Un romancier berger qui n'en faisait pas tout

un fromage !

THIRION Louis : Un portrait.

Né le 25 octobre 1923 à Neufchâteau dans les Vosges, Louis Thirion s'est éteint le 9 décembre 2011 à Paris.

Après une enfance qui l'entraîne des Vosges jusqu'à Dieppe en passant par les Basses-Alpes (devenues Alpes de Haute Provence) Louis Thirion sera marqué par la tentative sanglante de débarquement Anglo-Canadien le 19 août 1942, qu'il voit d'une fenêtre de la maison familiale. Ce jour là il passe du statut d'adolescent à celui d'adulte.

A cette époque il s'intéresse surtout au "bricolage" scientifique utilisant pour cela l'imposant matériel abandonné par son père, pionnier de la radio et collaborateur aux premières émissions de Radio Tour Eiffel. Ce qui l'amène à monter des postes émetteurs clandestins, établissant des liaisons radio avec des chalutiers navigant dans la Manche, ce qui se traduitt par une certaine confusion et engendre quelques enquêtes gênantes. Ce qui l'a amené à devenir interprète pour l'armée américaine, pour le 195 Rail of Batellion, en 1944.

Mais laissons la parole à Louis Thirion qui s'exprimait ainsi :

Plus tard, cette manie devait me créer des problèmes et je me souviens d'un certain soldat allemand venu imprudemment seul et sans arme acheter des œufs, qui me trouva écouteurs aux oreilles, en pleine zone interdite. Je ne sais pas lequel eut le plus peur des deux, mais je crois bien que cette maison, perdue dans le lacis inextricable des chemins creux normands, fut abandonnée par notre équipe en moins de dix minutes.
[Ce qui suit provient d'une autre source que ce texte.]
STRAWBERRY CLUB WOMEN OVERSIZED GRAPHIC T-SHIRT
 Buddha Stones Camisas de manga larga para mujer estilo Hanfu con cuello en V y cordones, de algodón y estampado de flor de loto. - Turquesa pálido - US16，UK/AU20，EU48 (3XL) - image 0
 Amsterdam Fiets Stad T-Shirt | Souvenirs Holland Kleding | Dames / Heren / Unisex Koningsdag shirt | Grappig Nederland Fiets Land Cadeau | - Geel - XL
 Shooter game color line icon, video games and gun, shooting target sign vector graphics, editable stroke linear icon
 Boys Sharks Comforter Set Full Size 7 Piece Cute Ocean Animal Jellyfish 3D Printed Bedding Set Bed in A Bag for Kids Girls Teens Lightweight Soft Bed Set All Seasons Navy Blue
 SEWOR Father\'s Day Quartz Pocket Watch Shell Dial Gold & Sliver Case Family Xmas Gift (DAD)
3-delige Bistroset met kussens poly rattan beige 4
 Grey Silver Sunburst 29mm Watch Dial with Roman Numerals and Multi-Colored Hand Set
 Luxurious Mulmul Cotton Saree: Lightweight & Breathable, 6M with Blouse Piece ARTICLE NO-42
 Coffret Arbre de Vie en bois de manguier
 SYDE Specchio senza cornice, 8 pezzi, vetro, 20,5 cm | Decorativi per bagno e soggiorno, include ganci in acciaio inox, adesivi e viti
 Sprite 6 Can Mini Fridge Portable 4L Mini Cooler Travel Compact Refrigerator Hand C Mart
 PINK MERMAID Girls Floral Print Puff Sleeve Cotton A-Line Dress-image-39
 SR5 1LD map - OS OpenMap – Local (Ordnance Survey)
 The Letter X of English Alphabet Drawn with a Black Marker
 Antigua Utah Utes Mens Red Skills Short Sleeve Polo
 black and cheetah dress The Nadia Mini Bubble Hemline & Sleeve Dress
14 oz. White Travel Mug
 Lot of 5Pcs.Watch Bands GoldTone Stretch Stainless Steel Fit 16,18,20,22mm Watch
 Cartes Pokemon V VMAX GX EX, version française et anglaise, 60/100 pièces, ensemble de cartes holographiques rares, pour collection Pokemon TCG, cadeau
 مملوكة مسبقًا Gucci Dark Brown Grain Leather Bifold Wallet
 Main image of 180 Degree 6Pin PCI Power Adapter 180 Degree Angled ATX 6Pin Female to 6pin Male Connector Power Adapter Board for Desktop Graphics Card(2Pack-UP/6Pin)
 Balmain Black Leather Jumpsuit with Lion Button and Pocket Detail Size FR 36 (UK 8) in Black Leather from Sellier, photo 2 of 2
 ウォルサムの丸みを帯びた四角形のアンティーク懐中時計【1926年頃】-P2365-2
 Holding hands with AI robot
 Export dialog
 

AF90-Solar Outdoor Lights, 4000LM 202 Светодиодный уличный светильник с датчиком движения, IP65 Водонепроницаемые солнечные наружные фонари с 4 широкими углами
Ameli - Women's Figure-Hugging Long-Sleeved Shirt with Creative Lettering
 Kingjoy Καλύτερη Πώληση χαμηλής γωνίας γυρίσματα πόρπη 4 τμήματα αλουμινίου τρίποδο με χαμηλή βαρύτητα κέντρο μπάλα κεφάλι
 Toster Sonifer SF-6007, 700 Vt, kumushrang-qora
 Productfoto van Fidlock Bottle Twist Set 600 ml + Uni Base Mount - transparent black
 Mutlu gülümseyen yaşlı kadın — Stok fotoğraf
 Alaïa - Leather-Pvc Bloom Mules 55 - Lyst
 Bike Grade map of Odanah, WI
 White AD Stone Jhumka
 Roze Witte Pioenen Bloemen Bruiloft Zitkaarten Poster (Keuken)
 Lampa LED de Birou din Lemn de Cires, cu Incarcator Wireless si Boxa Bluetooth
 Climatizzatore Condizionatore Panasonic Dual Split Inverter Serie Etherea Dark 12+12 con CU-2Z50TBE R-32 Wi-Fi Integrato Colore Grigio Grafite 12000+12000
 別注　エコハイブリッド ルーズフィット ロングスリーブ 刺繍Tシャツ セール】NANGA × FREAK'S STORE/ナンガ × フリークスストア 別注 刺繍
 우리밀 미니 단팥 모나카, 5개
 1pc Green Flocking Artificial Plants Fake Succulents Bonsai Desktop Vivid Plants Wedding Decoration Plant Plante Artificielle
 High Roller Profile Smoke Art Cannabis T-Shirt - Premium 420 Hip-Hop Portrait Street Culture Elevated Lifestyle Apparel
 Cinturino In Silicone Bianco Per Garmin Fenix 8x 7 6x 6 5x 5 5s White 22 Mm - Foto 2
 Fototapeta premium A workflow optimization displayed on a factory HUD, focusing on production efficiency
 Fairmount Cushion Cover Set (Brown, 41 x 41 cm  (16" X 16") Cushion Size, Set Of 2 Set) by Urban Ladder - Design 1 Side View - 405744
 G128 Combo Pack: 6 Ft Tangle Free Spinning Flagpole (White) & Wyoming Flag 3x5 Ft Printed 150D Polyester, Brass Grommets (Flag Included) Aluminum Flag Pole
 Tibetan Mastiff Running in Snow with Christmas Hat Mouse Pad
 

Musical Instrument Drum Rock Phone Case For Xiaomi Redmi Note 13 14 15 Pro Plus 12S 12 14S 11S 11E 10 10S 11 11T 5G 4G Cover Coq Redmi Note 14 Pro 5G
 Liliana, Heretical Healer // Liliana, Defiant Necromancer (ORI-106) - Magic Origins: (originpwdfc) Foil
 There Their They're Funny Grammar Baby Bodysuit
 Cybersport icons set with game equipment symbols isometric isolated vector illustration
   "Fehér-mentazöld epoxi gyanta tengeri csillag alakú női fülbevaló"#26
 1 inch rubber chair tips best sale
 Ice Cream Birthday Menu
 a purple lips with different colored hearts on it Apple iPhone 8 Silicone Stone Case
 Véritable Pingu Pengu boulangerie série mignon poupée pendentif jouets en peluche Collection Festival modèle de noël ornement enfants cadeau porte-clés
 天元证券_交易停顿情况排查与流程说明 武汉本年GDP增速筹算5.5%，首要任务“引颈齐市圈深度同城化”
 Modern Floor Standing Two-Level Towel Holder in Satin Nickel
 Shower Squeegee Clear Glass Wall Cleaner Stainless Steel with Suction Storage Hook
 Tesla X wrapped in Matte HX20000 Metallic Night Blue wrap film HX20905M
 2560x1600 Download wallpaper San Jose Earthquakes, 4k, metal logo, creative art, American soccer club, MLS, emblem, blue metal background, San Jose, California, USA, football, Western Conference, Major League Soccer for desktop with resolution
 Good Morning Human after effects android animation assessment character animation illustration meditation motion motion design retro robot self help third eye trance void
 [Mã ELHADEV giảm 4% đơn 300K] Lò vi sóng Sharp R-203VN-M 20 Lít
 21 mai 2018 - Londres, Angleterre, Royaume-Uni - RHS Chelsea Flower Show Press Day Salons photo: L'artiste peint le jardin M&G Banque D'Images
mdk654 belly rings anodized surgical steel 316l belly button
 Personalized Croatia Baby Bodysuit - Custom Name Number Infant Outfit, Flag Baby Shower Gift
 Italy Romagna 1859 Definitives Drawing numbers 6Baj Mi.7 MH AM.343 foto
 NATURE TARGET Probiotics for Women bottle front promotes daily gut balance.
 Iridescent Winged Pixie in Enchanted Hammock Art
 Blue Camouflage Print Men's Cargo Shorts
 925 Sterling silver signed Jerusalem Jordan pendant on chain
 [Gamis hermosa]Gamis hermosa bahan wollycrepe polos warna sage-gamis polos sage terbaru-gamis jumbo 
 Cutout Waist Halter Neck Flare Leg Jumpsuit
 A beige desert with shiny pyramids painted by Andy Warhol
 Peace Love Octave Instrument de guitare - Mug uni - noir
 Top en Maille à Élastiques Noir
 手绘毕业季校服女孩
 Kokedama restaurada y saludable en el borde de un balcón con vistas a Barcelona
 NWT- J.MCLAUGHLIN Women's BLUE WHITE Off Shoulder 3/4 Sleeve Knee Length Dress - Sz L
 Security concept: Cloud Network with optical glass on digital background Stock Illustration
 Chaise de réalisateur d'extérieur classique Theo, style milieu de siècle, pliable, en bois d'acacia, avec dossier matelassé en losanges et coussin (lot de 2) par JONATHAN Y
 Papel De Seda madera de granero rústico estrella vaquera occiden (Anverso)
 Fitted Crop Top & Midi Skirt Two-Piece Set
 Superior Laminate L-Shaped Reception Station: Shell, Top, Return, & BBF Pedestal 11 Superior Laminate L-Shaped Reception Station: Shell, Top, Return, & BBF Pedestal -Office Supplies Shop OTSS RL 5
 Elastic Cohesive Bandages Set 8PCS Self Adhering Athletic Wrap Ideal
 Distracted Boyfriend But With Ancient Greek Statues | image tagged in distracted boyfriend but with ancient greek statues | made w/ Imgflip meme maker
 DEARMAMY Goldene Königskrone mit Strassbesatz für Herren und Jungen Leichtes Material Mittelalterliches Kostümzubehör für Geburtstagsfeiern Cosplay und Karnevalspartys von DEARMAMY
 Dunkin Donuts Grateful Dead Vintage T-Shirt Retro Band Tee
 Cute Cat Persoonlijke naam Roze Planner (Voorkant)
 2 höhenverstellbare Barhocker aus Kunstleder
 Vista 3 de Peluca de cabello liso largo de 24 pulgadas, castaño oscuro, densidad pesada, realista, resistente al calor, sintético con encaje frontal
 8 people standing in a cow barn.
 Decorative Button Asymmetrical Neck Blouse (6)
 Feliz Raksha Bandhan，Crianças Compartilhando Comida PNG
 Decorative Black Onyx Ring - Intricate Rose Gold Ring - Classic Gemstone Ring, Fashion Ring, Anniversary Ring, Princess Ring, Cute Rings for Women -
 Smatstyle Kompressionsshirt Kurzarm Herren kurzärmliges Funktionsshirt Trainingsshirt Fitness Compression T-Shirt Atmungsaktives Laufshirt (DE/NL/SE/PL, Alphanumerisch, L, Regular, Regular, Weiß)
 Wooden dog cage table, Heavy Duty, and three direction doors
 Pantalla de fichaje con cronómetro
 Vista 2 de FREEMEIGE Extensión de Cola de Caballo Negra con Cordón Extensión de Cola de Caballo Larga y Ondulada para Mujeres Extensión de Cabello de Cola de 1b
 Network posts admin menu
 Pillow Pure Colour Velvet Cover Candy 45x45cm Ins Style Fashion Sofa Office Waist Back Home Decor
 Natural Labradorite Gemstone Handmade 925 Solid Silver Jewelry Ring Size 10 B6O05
Plus tard, la paix revenue, je voyageai avec optimisme en Europe, à la recherche d'un moyen de gagner ma vie sans m'ennuyer. Mais de la pêche au thon pour laquelle je n'étais pas doué, en passant par le forage de puits de mine et la vente de calendriers polychromes, j'accumulais des expériences plus ou moins réussies.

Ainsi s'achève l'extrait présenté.